I never intended to say that people shouldnt learn any other language than their mother tongue. Studying other cultures is necessary these days. But refusing to learn the local language and demanding that everybody else should accomodate them, is a colonial attitude and not an Indian one. As such, it is very ugly to see Hindi speakers display such attitudes when they go into a non-Hindi speaking region.

One should also realise that throughout history, no two languages have coexisted peacefully without one trying to dominate the other. In such a scenario, the language which has official sanction tends to wipe out the local one, as is the case of Britain and France which transitioned from multicultural to monocultural nations over the past 200 yrs. They werent born monocultural but became one, after the govt. decided that one language (the language of the majority) will be spoken by all. I do not want India to become like these countries. Also, as the example of Pakistan and Soviet Union have shown, getting everybody to speak a language for the benefit of the politically powerful, doesnt unify them in anyway but breaks up the country.

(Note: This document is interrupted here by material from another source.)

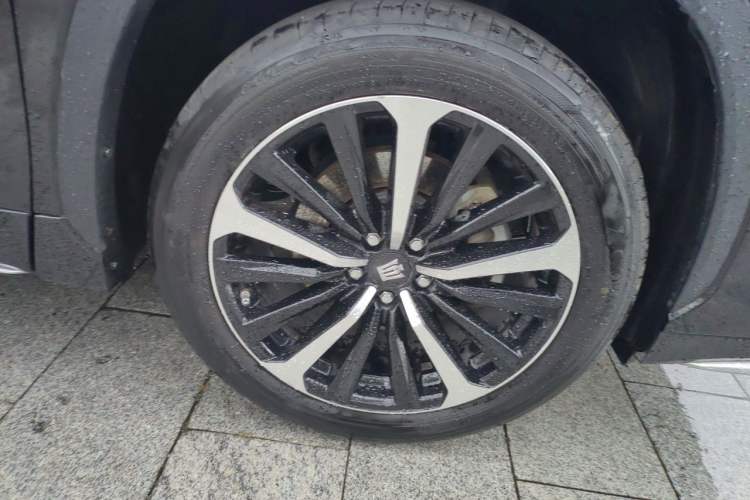 Used Toyota Crown Kluger 2021 2.5L HEV Four-Wheel Drive Premium Edition Right Front Wheel Hub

Secondly, you are confusing "official language" (meant for bureaucrats) with "national language" (meant for citizens). Something most Indians (esp. Northeners) are prone to do given the prevalance of the "Hindi Rashtra" myth.

I never read the source for that wikipedia quote, so I dont know if the source actually says so, but this is my source.

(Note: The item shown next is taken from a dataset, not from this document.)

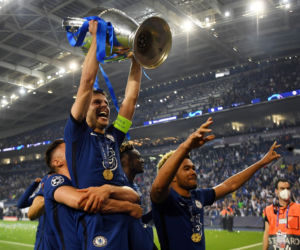 Piłkarze i kibice Chelsea Londyn świętują wygranie Ligi Mistrzów po zwycięstwie w finale 1:0 z Manchesterem City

The Indian Constitution: Cornerstone of A Nation

The author Granville Austin, was physically present during the Constitutional debates and was awarded a Padma Sri for his two books on the Indian Constitution. His work has also been quoted in Supreme Court judgements on Constitutional matters, in determination of our Founders intent.

The language question generated the longest debate and is the largest chapter in his book.

Quoting directly

>The Hindi-wallahs were ready to risk splitting the Assembly and the country in their unreasoning pursuit of uniformity. They thus denied the Assembly's belief in the concept of accommodation and in decision-making by consensus. The Assembly members preferred to take decision by consensus or by as near to unanimity as possible. Not only was this method deeply embedded in the Indian tradition, it was manifestly the most practical way to frame the Constitution. A system of governance would not work effectively, Assembly members knew, if large segments of the population were opposed to it. Every attempt had to be made, therefore, to achieve the broadest possible agreement. The Hindi-wallahs, however, announced that they would impose Hindi on the country if they had a one-vote majority. To prevent this, the moderates went to great lengths to find a compromise. They ultimately acquiesced in the language provisions, although they were not happy with them, in the hope that they would provide a framework within which an amicable settlement would be reached. The moderates' fears that the extremists had not accepted the provisions in the spirit of consensus have, unfortunately, been borne out. Since 1950 the extremists have continued to scorn the spirit and have pursued their original aims on the basis of the letter of the Constitution, ignoring the intention of the compromise, which was to resolve the language issue without unduly harming the interests of any linguistic group.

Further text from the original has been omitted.